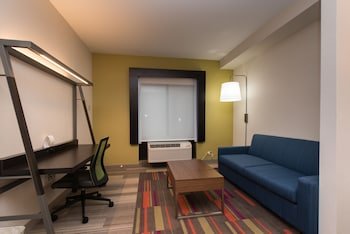 Holiday Inn Express & Suites North East (Erie I-90 Exit 41)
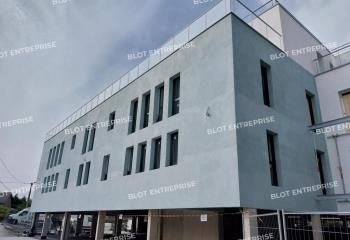 Location bureaux Vitré - Proche Gare SNCF et accès 4 voies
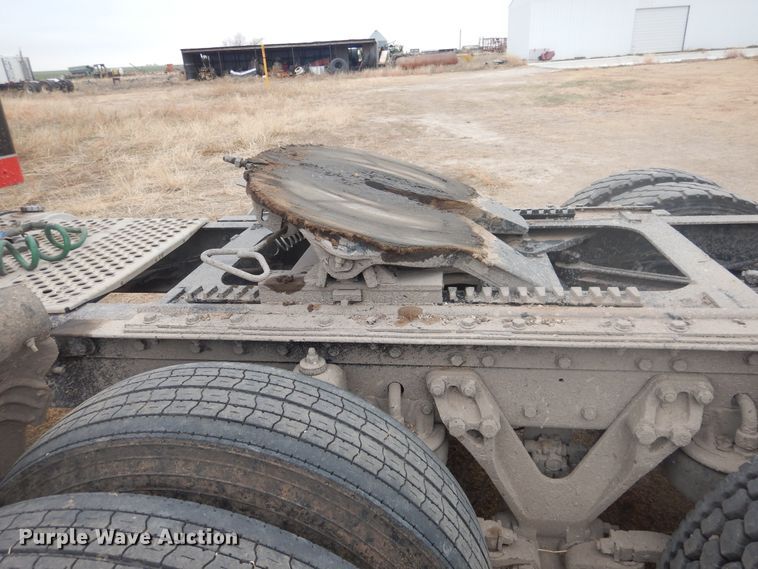 image for item HU9716 2001 Kenworth W900L  semi truck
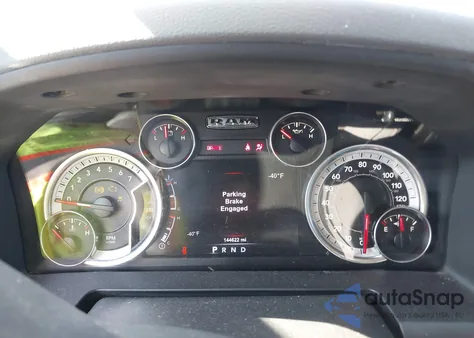 2017 Ram 1500 Big Horn z USA, uszkodzony, nr VIN 1C6RR7LT3HS698008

PROMPT:
Every line above goes into your copy exactly; no images go in.

EXERCISE RESPONSE:
 Holiday Inn Express & Suites North East (Erie I-90 Exit 41)
 Location bureaux Vitré - Proche Gare SNCF et accès 4 voies
 image for item HU9716 2001 Kenworth W900L  semi truck
 2017 Ram 1500 Big Horn z USA, uszkodzony, nr VIN 1C6RR7LT3HS698008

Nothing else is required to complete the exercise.